There was shock and disbelief in his voice. “Truth plays no part in reporting,” I told him.
Before he could respond, I went on.
“Remember what I told you before: facts are what matter in reporting, not truth. Truth is subjective – your truth is not my truth and my truth is not the truth of that person over there; truth is biased by our own experiences and beliefs.
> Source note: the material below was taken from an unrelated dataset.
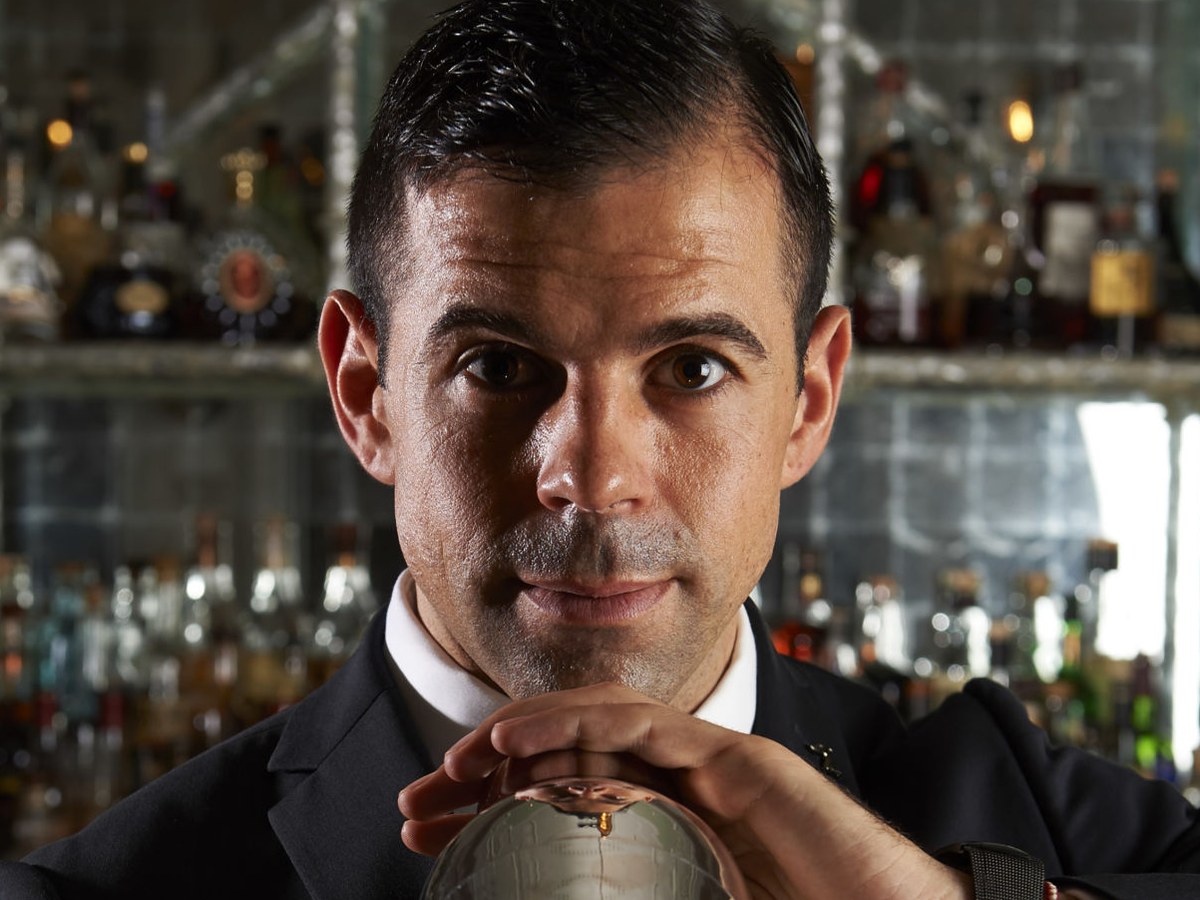 Agostino Perrone, a man with dark hair and a suit, holds a silver cocktail shaker with both hands, looking directly at the camera behind a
Only facts are neutral and unweighted.”
Nietzsche has been most reviled by so many for his refusal to present us with comfortable, convenient “truths.”
Detractors point angrily at the Superman theory (which, while I disagree with it, is not only misunderstood but also was manipulated beyond what Nietzsche intended for the purposes of the Nazis) and he is vilified for advocating an unmoral philosophical perspective.
His apologists shyly respond that, as in the case of Machiavelli, Nietzsche was writing only as an observer of his times and was stating things as they were, not as how they should be.
But in these arguments, the issue – at least as far as I am concerned – is lost.
There are few among us who, as Nietzsche pointed out, would not prefer a convenient and comfortable lie to the harsh and frightening truth. While his purpose was to trace the origins of this “will to truth” to religion and what he saw as its falsehoods, what else we can take from it the idea that – to paraphrase Jack Nicholson – “We can’t take the truth.”
We want things to be better – our idea of better.
In trying to convey this concept to the student, I saw that there is a gap that exists in our knowledge. We have been taught for so long that truth is concrete, undeniable, irrefutable, irresistible. Truth is . . . Truth.
Nietzsche insisted that we seek Truth (as opposed to truth) because of the comfort it give us. It is solid, finite and, most of all, knowable. For that reason we must seek the Truth of all things, regardless of the facts that support or do not support them.
Truth: The Earth is 6,000 years old and was created in five days by a bearded man in a long white robe who sat down by a stream, scooped up some clay and punched and poked it to look just like him.
Truth: The Earth is 14.6 billion years old, was the result of an unfathomable explosion that, itself, was the result of strictly mathematically definable events and humans are the product of a natural, equally definable process of progression that has nothing at all to do with an intelligent intervention.
In these things, we take comfort that our prejudices and illusions are real and that we are not lost in the wilderness of vagueness and uncertainty.